October is the month of goblins, ghosts, and ghouls. While these imaginary creatures are surely scary, another sort of monster has fascinated and frightened us since 1886. That year, Robert Louis Stevenson published Strange Case of Dr. Jekyll and Mr. Hyde. The tale has gripped generations of readers because it reminds us that we all have monsters lurking within.
Richard Mansfield depicts the dual personality of Dr. Jekyll in this famous double exposure photograph.
The Seeds of a Legendary Tale
Robert Louis Stevenson was born on November 13, 1850 in Edinburg, Scotland. Weak lungs inherited from his mother left Stevenson a sickly child and before he was two years old, a nurse by the name of Alison Cunningham joined the Stevenson family as Robert’s nurse. Cunningham was a fervent Calvinist and these views permeated the stories she told Stevenson. Despite her good intentions, the ill and easily excited boy’s imagination turned these stories into nightmares. Even as an adult, Stevenson would suffer from night terrors.
To appease his father, Stevenson went to Edinburg University to study engineering, in hopes to follow in the family footsteps of designing lighthouses. He abandoned engineering and began to study law which he too gave up to practice writing. His first published works were travel writings describing landscapes, the people he encountered, and the adventures had.
In 1876, he met his future wife, Fanny, in a small village in south-east Paris. She was ten years older, separated from her husband, and had two children from her previous marriage. In 1880, they were married in San Francisco. Fanny would become an indispensable critic and confidante in Stevenson's writing process.
Just like his travel writings, Stevenson grabbed inspiration for his fictional writings in his everyday life. Treasure Island started out as a treasure map drawn by his twelve-year-old stepson on a rainy summer day; however, The Strange Case of Dr. Jekyll and Mr. Hyde did not begin on such a light note.
A Real-Life Split Personality
Deacon William Brodie—cabinet maker, town councilman, and head of The Incorporation of Wrights and Masons—lived in Edinburg, Scotland during the mid-1700’s. Brodie was seen as an honorable member of society, making his living repairing locks and door mechanisms for homes all over town, which supported his alternative lifestyle in more ways than one.
Brodie’s night life included being the head of a burglary gang, two mistresses, several children, and a gambling addiction. During his day job, Brodie would copy his client’s keys with wax molds made from the original, so he could return later that night and steal from the homeowner. His scheme ended in 1786 when he attempted an armed robbery at Chessel Court, in his Majesty’s excise office. Brodie was caught and hanged on October 1, 1788 on a gibbet he recently redesigned.
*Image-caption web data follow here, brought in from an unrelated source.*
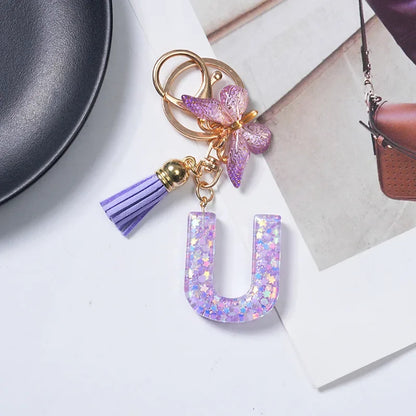 Cute Butterfly Tassel Letter Keychain Purple Stars Sequins Filled Resin A to Z Letter Keyring for Women Purse Charm Festive Gift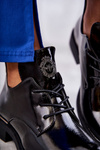Laquered Lace-up Boots With Cutouts Black Fabiana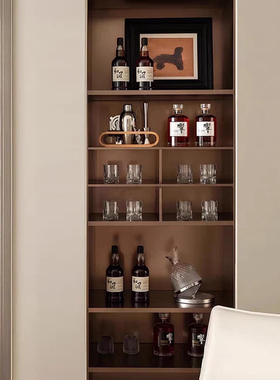 中古侘寂风酒店样板酒柜装饰画酒具道具日系酒调酒器组合装饰摆件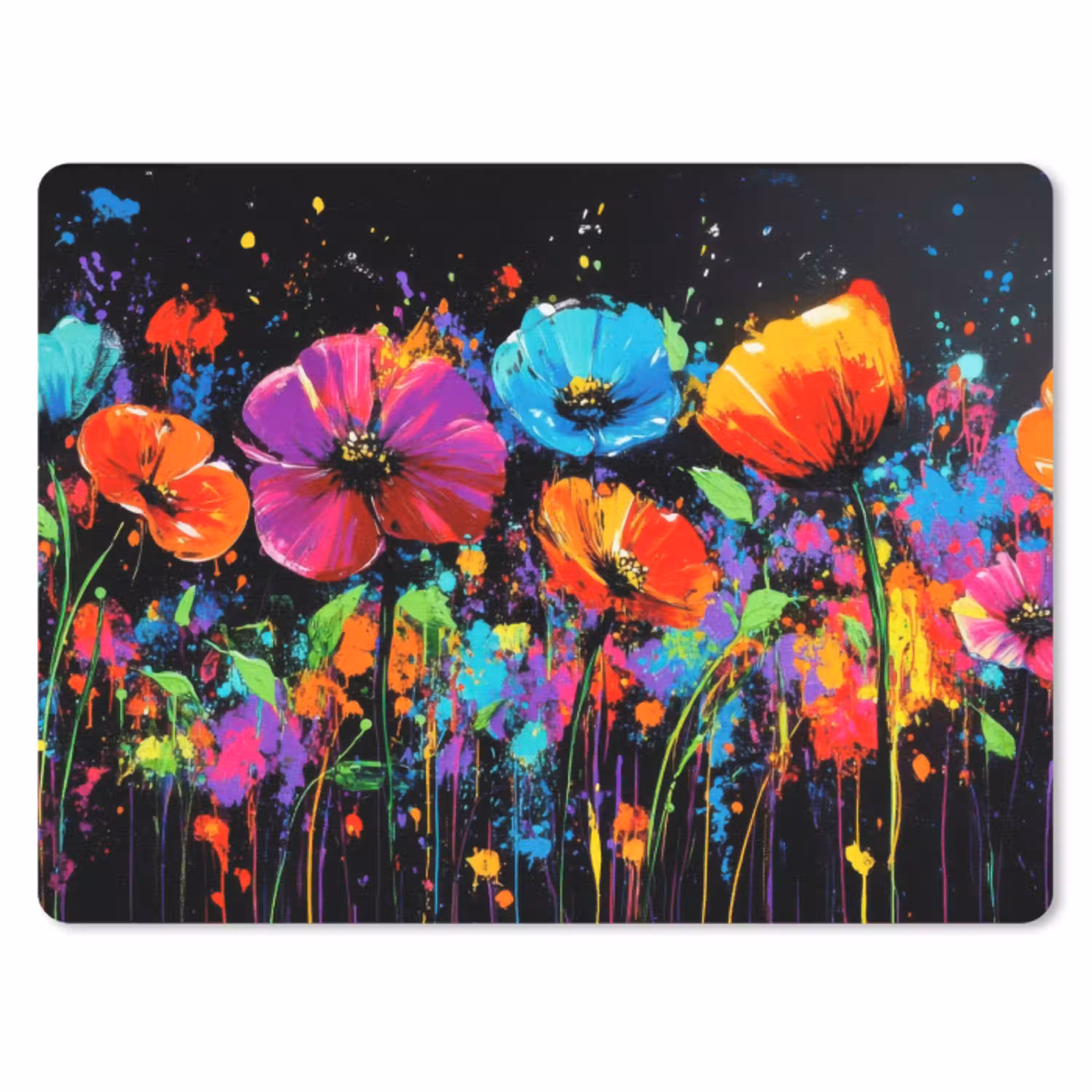 Bloemen - Kleurrijk - Spetters muismat rubber klein -3d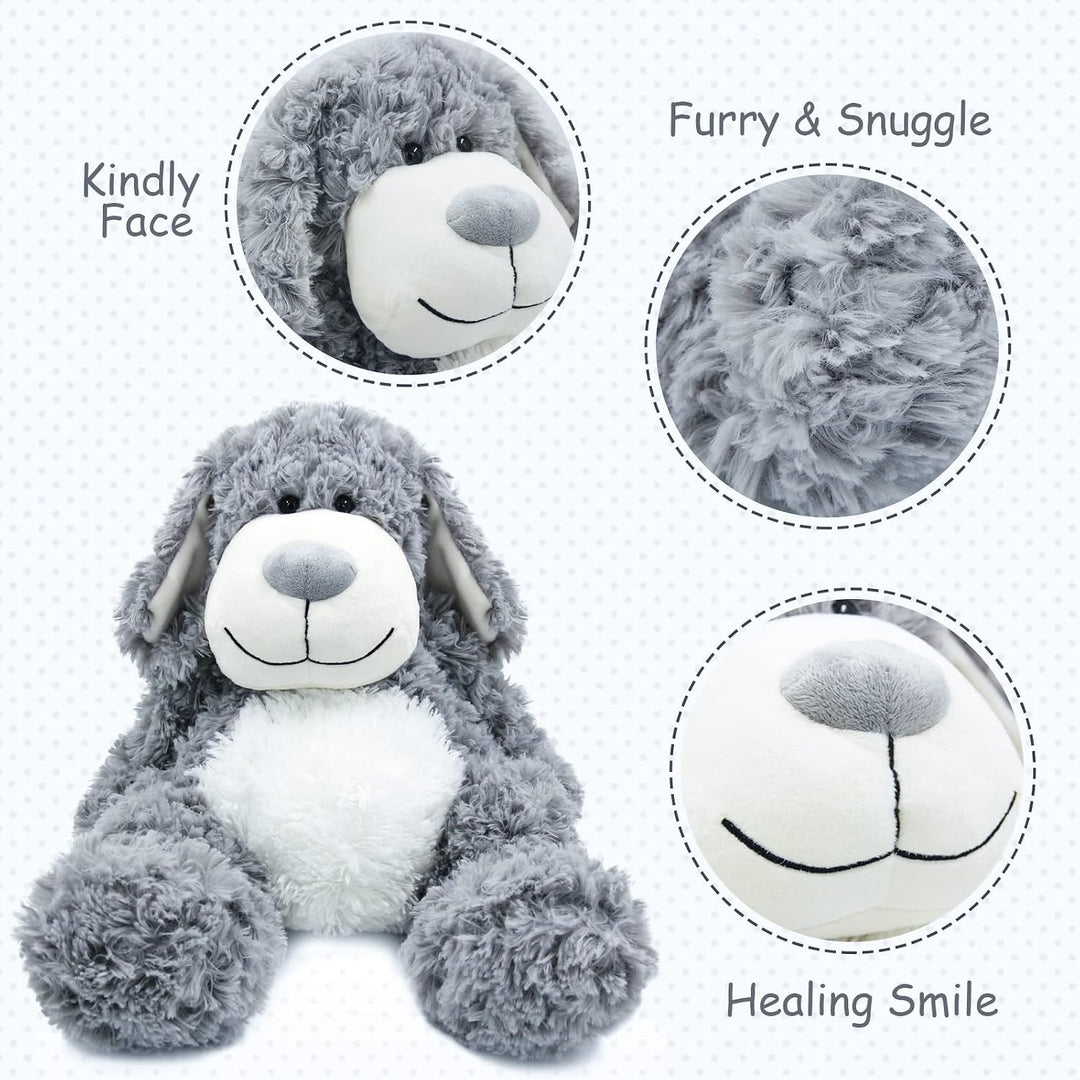 WEIGEDU Peluche de Cachorro Perro Gris Sonriente - Juguetes de Pelu...
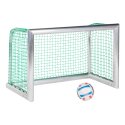 Minibut d'entraînement en alu Sport-Thieme® « Professional Compact », coloris aluminium naturel 1,20x0,80 m, Filet inclus, vert (mailles 4,5 cm)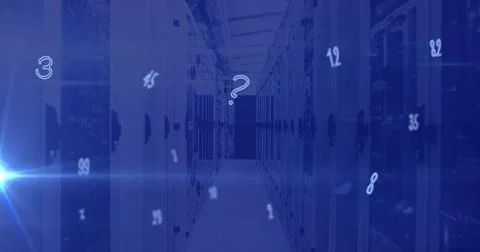 Image of numbers changing over tech room with computer servers Illustrazione stock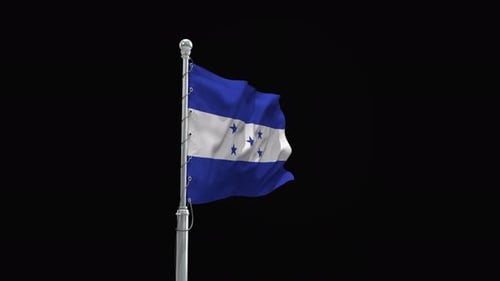 Honduras National Flag Waving Realistic 3D Animation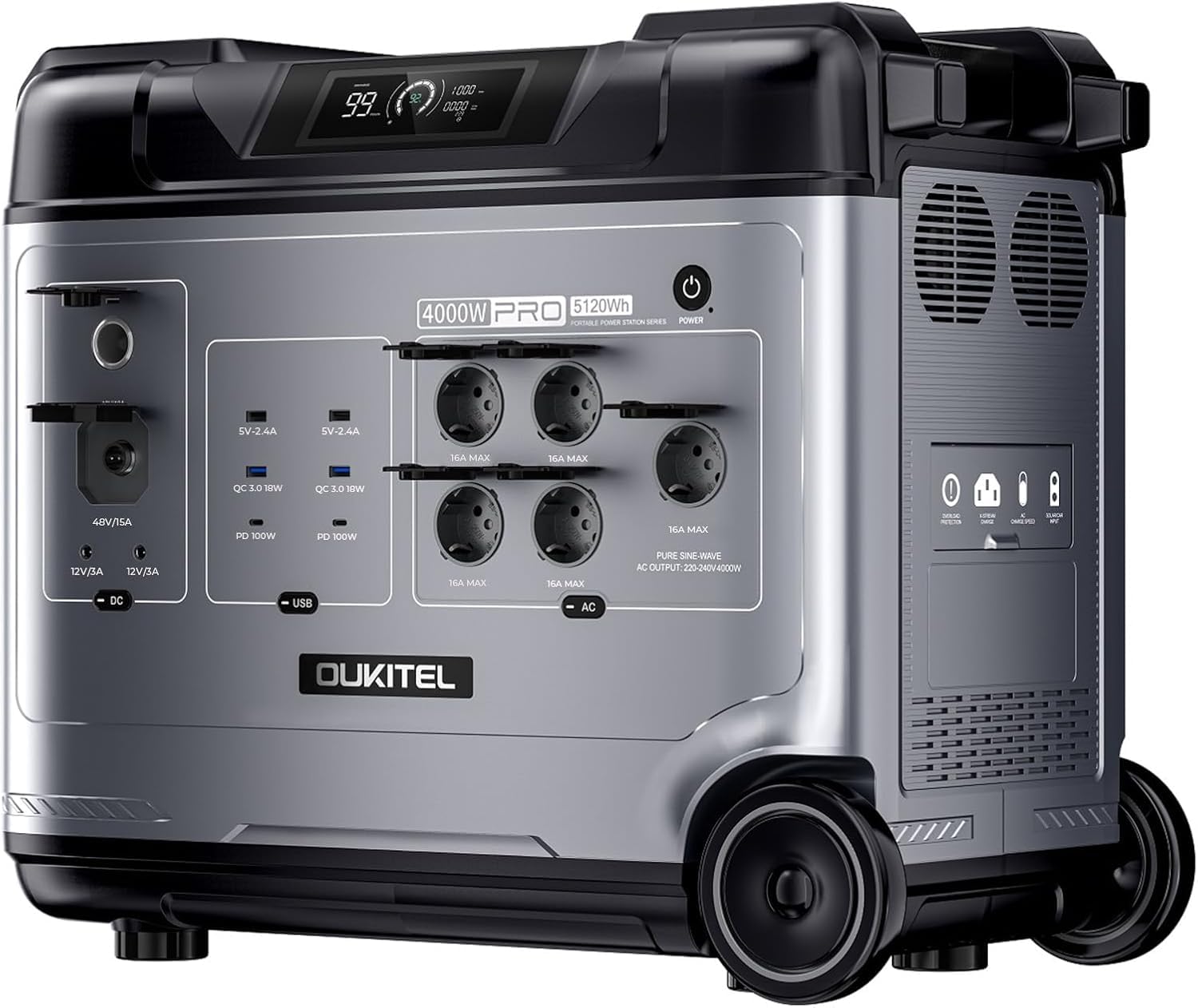 OUKITEL P5000PRO Estación de Energía Portátil 5120Wh Generador Solar 4000W Gran Capacidad Fuente de Reserva Máx Carga Solar 1000W Para Obras Autocar Cortes De Luz Largos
"The Execution of Deacon Brodie" by Alexander Hay Ritchie
Brodie Is a Household Name
Stevenson's father had actually hired Brodie to make some furniture for the family, and these pieces were still in the Stevenson home during the author's childhood. Brodie's legacy lived on this way, in the households of people all over Edinburgh. Although Brodie and Robert Louis Stevenson never met, Deacon Brodie’s story was one known by every Scot. In his youth, Stevenson coauthored a play with W.E. Henley, titled Deacon Brodie or The Double Life. It was finally produced in 1882.
In the early fall of 1885, Fanny woke Robert Stevenson in the midst of a night terror. Stevenson was angry with Fanny for awakening him because he was "dreaming a fine bogey tale." The scenes from this nightmare were the foundation for Jekyll & Hyde. Stevenson wrote the novella feverishly, passing it to Fanny for review when he finished it. Fanny suggested that the work should be more allegorical, and Stevenson apparently took this criticism to heart. He claims to have burned the original manuscript and started from scratch. The publicized version of the story is allegorical, playing on the good and evil residing inside of every person.
An Instant Hit
Appealing to the social angsts of the Victorian era—struggling with identity, the technological advancements, and respectability made it an instantaneous hit that continues to spark interests in generations of today. Jekyll & Hyde has become iconic, adapted for countless plays, movies, and other manifestations of popular culture. Indeed, it was first adapted for the stage only a few years after publication.
When did you first encounter this legendary character? And why do you think we've been so enraptured with Jekyll & Hyde for so many years?